Un lavoro lungo quello su Diaz: 130 attori e riprese effettuate in Romania. “Abbiamo scelto gli attori in base al loro coinvolgimento emotivo – spiega Vicari – dopo che gli avevamo fatto visionare un falso documentario diretto da me, montato con spezzoni video sui fatti di Genova. Alla fine – conclude – si è creato un clima come quello che c’era nella Diaz, globale e multilingue“. Qual è la missione di un film come Diaz? “Avevo paura che il film non avesse alcun futuro – precisa il regista – poi dopo Berlino è stato venduto in tutto il mondo. Stiamo cercando di portarlo nelle scuole e Sky e Rai lo stanno acquistando. Qualcosa si sta muovendo allora. Il mio non è un film civile, perchè non cerco condanne o prove eclatanti – continua Vicari – ma è un film terrificante, nel senso che pensare che cose come queste siano accadute davvero non mi fa dormire la notte, voglio che lo spettatore esca dal cinema con degli interrogativi“.

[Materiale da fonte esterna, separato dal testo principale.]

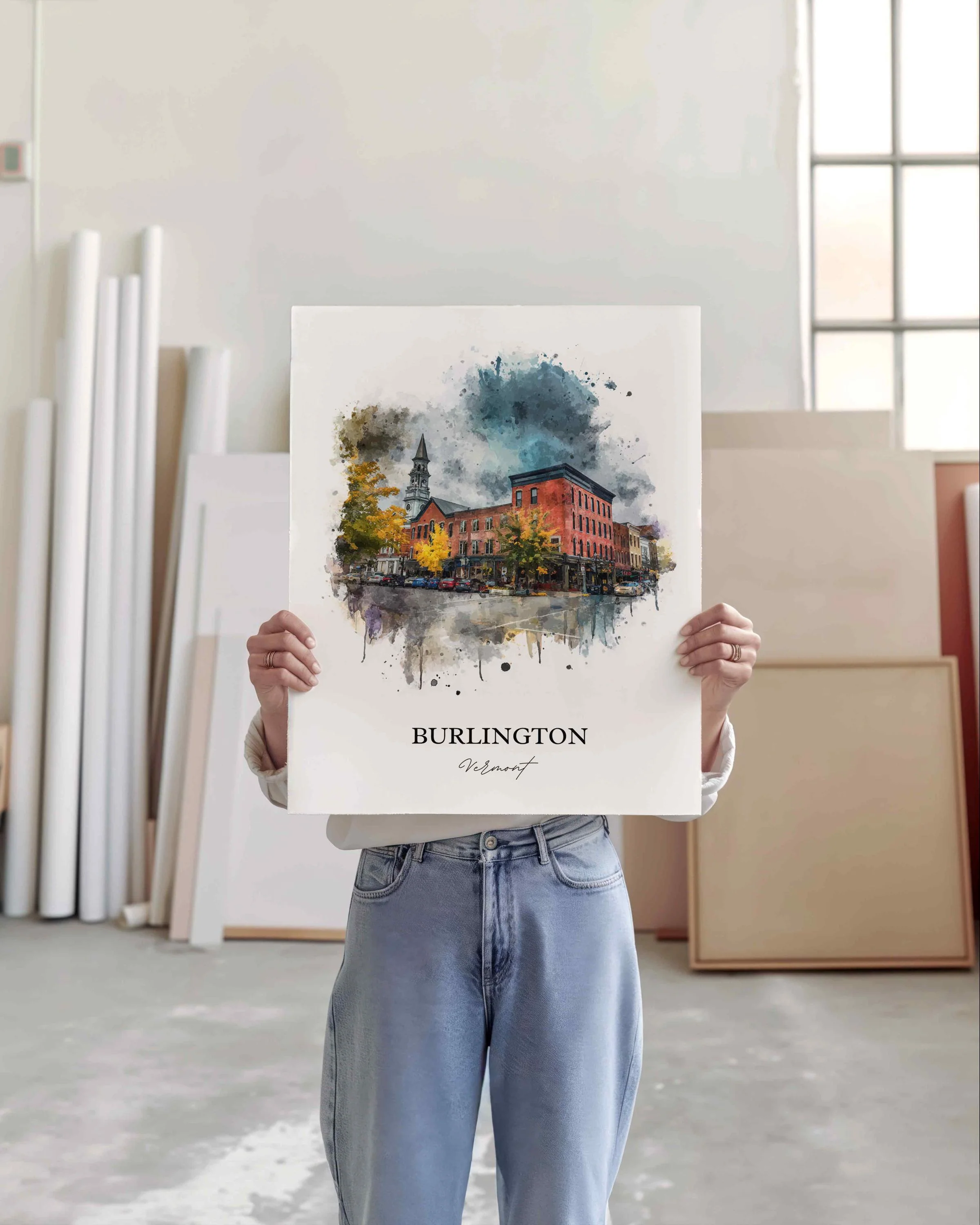 Burlington, Vermont – Watercolor Art Print - Image 3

Non manca una riflessione sul futuro dei giovani. “Siamo in un momento di sospensione della democrazie, non solo in Italia, ma in tutta Europa. La parola democrazia serve alla politica solo a vendere patatine – continua il regista – dobbiamo rivendicarla, perché è nostra. Non dobbiamo dormire o autocensurarci, dobbiamo farci domande giuste, per non commettere sempre gli stessi errori“. Alla fine Vicari è stato omaggiato con il Premio Giffoni, sotto un’altra pioggia di applausi. “Il Giffoni è vera democrazia – conclude Vicari emozionato – qui tutti, pubblicamente, possono dire la propria ed essere ascoltati“. Il Giffoni Film Festival, ancora una volta, regala emozioni che vanno dritte al cuore.